Pemerintah pusat sedang memperbaiki mekanisme penyaluran transfer ke daerah. Purbaya berharap dana tersebut dapat disalurkan secara lebih merata sejak awal hingga akhir tahun anggaran, sehingga Pemda tidak perlu menumpuk cadangan dalam jumlah besar.

“Harusnya kan tanggal 2 Januari sudah ditransfer dari pusat seharusnya tidak perlu cushion (bantalan) sebanyak itu. Tetapi sistemnya belum kita tes, saya belum berani ambil itu. Biar aja dulu di sana sambil kita tes sistem kita,” terang Purbaya.

Menurut Purbaya, selama ini Pemda cenderung menyimpan dana dalam jumlah besar di perbankan hingga akhir tahun. Dana tersebut disiapkan sebagai cadangan untuk memenuhi kebutuhan pada awal tahun anggaran berikutnya.

“Dulu kan mereka takut Januari enggak punya uang.
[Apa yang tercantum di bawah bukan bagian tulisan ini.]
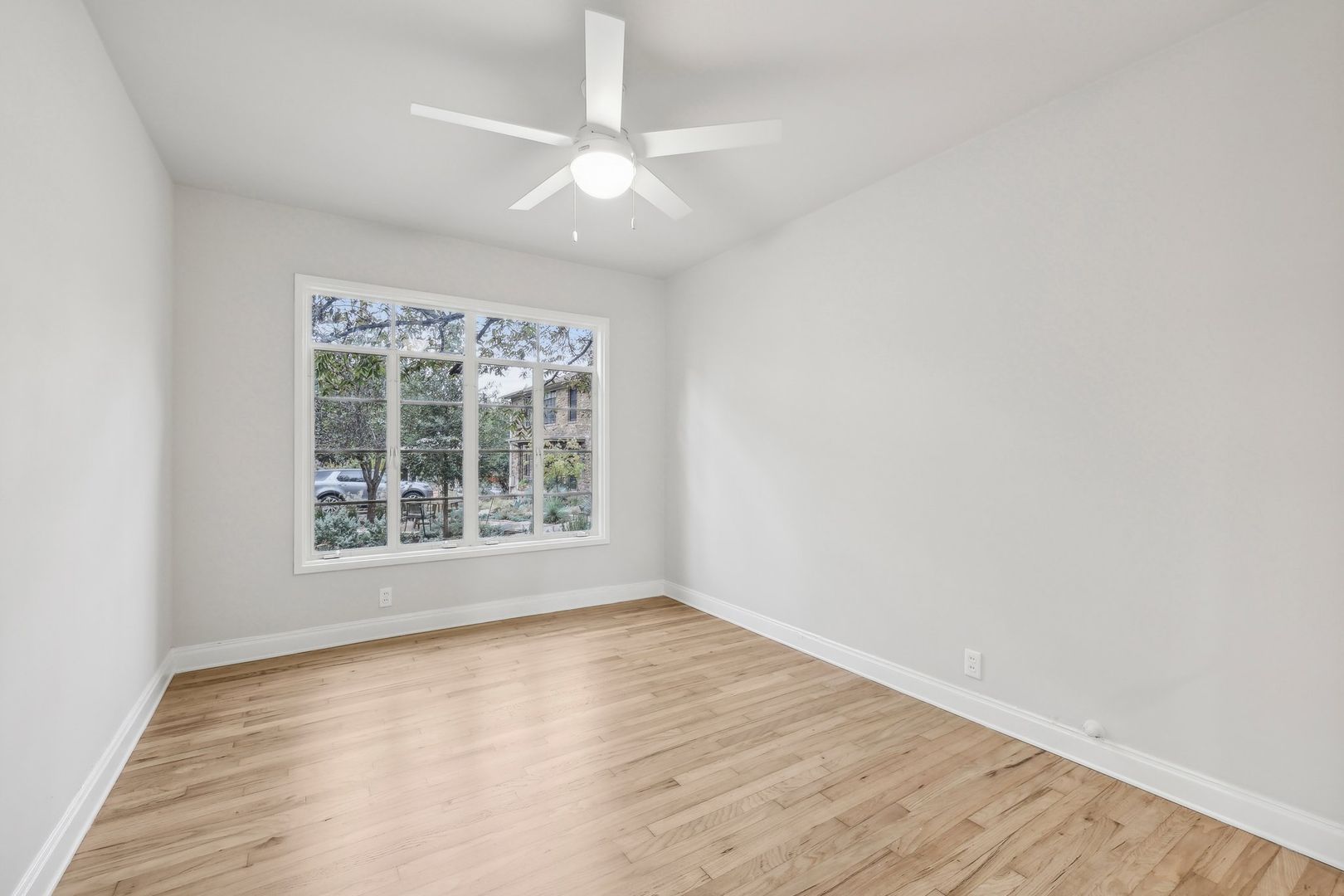 3010 Windsor Road, Unit E Austin, TX 78703 - Photo 14 of 21 an empty room with wooden floor and windows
Jadi taruhlah di Desember tuh cadangan uang cukup, tetapi kan itu namanya uang tidak terpakai,” tutur Purbaya.

Adapun alokasi transfer ke daerah pada 2026 mencapai Rp 693 triliun. Angka ini lebih rendah Rp 156 triliun dibandingkan alokasi transfer ke daerah pada 2025 yang mencapai Rp 849 triliun. Sementara itu, alokasi transfer ke daerah untuk 2027 direncanakan kembali naik menjadi sebesar Rp 735 triliun.

Pemerintah juga berupaya memperbaiki pola penyerapan belanja pemerintah pusat agar pencairan anggaran berlangsung lebih stabil sejak awal hingga akhir tahun. Selama ini, penyaluran anggaran cenderung meningkat dalam jumlah besar menjelang berakhirnya tahun anggaran.

“Kalau kita sistemnya sudah bagus seharusnya enggak ada uang itu. Sama dengan pemerintah pusat harusnya gak ada SAL (Saldo Anggaran Lebih),” terang Purbaya.

Purbaya menambahkan, pemerataan belanja pemerintah dapat membantu mendorong pertumbuhan ekonomi secara lebih berkelanjutan sepanjang tahun anggaran. Sebaliknya, penumpukan dana hingga Rp 100 triliun berpotensi menjadi beban dalam pengelolaan keuangan negara.

Ia menjelaskan, dana yang ditarik dari Pemda nantinya tetap dapat disalurkan kembali ketika memasuki awal tahun. Dengan mekanisme tersebut, Pemda diharapkan tidak perlu membangun cadangan anggaran dalam jumlah terlalu besar.

“Kita ambil lalu, nanti Januari kita salurkan lagi jadi mereka gak kekurangan uang. Tetapi enggak perlu mem-build up cadangan sebesar itu. Itu yang membebani saya Rp100 triliun,” tutur Purbaya.